NHS lost laptop leads to refreshed discussion on device location and security
This week's news about the NHS losing a laptop with a suspected eight million records on it has once again raised the issue of security on removable devices.
While hardly a new issue, three of the Information Commissioner's Office (ICO) fines have been issued over lost laptops (to Ealing and Hounslow and A4E). The storage of eight million records on one unencrypted laptop raised many eyebrows.
Mick Gorrill, former head of enforcement at the ICO and now consultant at Field Fisher Waterhouse, said it is ‘inconceivable' that a laptop or USB stick would be unencrypted in this day and age.
The news also follows a recent discussion in Parliament where Keith Vaz, MP for Leicester East, asked John Thurso, MP for Caithness, Sutherland and Easter Ross, how many cases of theft from the parliamentary estate were reported in each year since 2006 and what the items reported stolen were.
Thurso revealed that between 2006 and 2010, six laptops were reported stolen, but so far in 2011 25 laptops have been reported stolen along with two ‘computers'. A Freedom of Information Act request from a year ago from the Ministry of Defence (MoD) found that 340 laptops were lost between 2008 and 2010, with less than half containing encrypted data.
Stephen Midgley, vice president of global marketing at Absolute Software, said that specifically with regards to the parliament case, what is interesting is that theft has increased year over year begging the question about premise security and what was stored on those mobile devices.
He said: “Have constituents' personal information been exposed? Were Government documents exposed? What is Parliament doing to eradicate such theft and what actions have been taken to ensure the data on these stolen devices does not fall in harm's way?”
“When a laptop is stolen, an organisation's first and most immediate concern must be the data stored on the device. The faster an organisation can react to the loss, the quicker it can mitigate the risk to both itself and, more importantly, to its customers.”
Specifically with regards to the NHS case, Midgley said what concerned him was the time lag between when the device was lost and when the police were informed. “This will be certainly disconcerting to the 8.63 million people whose data may be exposed. In this age of mobility, it is a business necessity for organisations to have complete visibility into all of their devices, where are they, what is on them and most importantly, be able to take action when a device is lost or stolen,” he said.

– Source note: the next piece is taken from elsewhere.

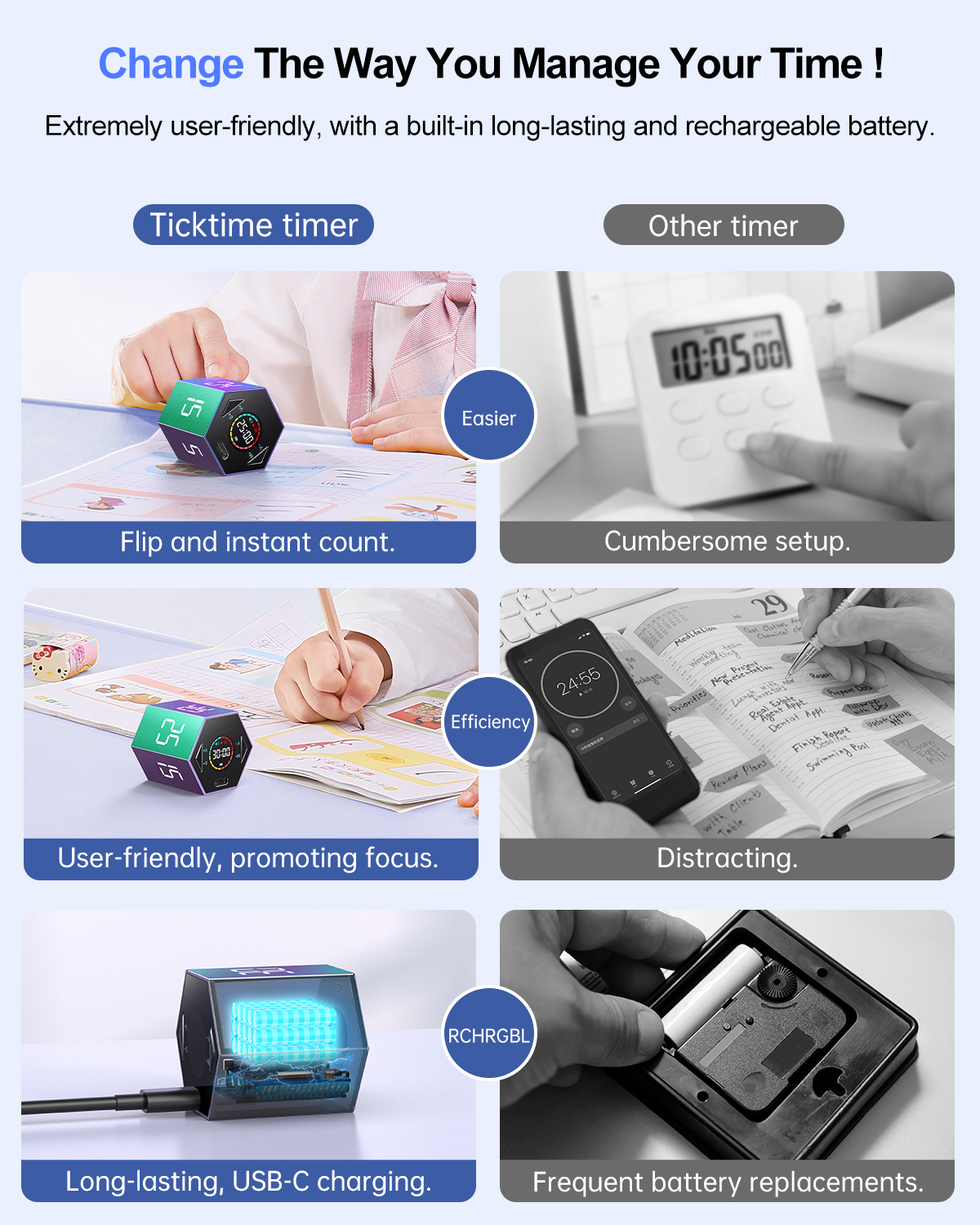[Copy]Ticktime Pomodoro Timer, Productivity Timer Cube, 5/15/25/30/45/60 Min Presets, Custom Countdown & Stopwatch 1s–99m59s, Sound/Vibration/Silent, Magnetic, Rechargeable, for ADHD Study Work, Violet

“In such instances, action must be quick and decisive. Organisations do not have the luxury of days to contemplate next steps. Their primary concern must be data protection/retrieval and the secondary concern has to be how the device was lost or stolen in the first place.”
Benjamin Boulnois, UK manager of endpoint protection vendor DigitalPersona, said that the proliferation of devices these days multiplies the number of vulnerabilities that an organisation faces.

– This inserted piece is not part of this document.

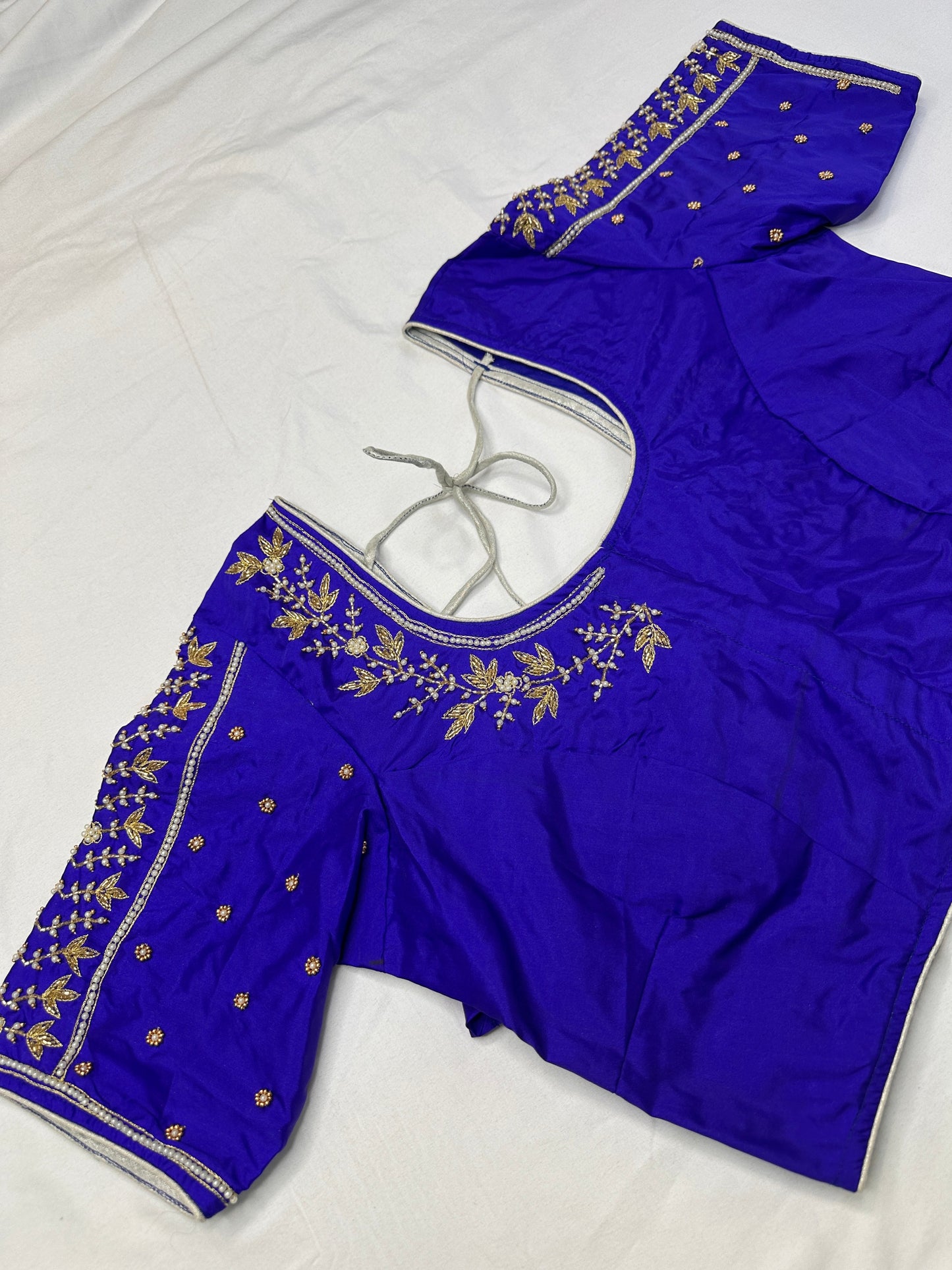 Blue Pearl Kardana Maggam Aari Work Blouse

He said: “Encrypting centrally-held data is useless if the same information is allowed to exist on devices, such as laptops and mobiles, which can easily be lost and stolen. Encrypting the full disk on a laptop is the easiest way to accomplish encryption.
“While this applies to any organisation, it is especially true for healthcare providers, who deal with extremely sensitive, personal and confidential patient information such as medical records. Data must be protected wherever it resides.”
Don Smith, VP of engineering and technology for EMEA at Dell SecureWorks, said that the NHS incident shows the importance of protecting data and applying basic data protection principles.
He said: “People at all levels within an organisation need to understand that a data loss or breach will have consequences for them, their employer and of course the individuals whose information has been lost and potentially obtained by those with criminal intent.”
Gorrill said that in the event of a data breach, a local authority has to inform the ICO, while it is different for the private sector. He said: “The ICO is interested in harm or distress to individuals; you should put technologies in place to protect data subjects. It is best to be upfront with the ICO and my advice is to tell them early even if you are not aware of the circumstances, as not telling the ICO will only increase a penalty.”
Smith said: “Often, companies wait until they have been the victim of a data loss event before ensuring they are fully protected. However, legislative measures such as PCI DSS, Sarbanes-Oxley and Basel II provide essential legal guidelines for organisations to follow and ensure data assets are protected.”
The reports about the NHS ‘losing' the laptop are fairly vague and there is still every possibility that it may reappear. What this case has proved though is the need to know where your data is, wherever it resides, and how it should be secured. If it is not secure, it is not just the bad press that you need to be concerned about.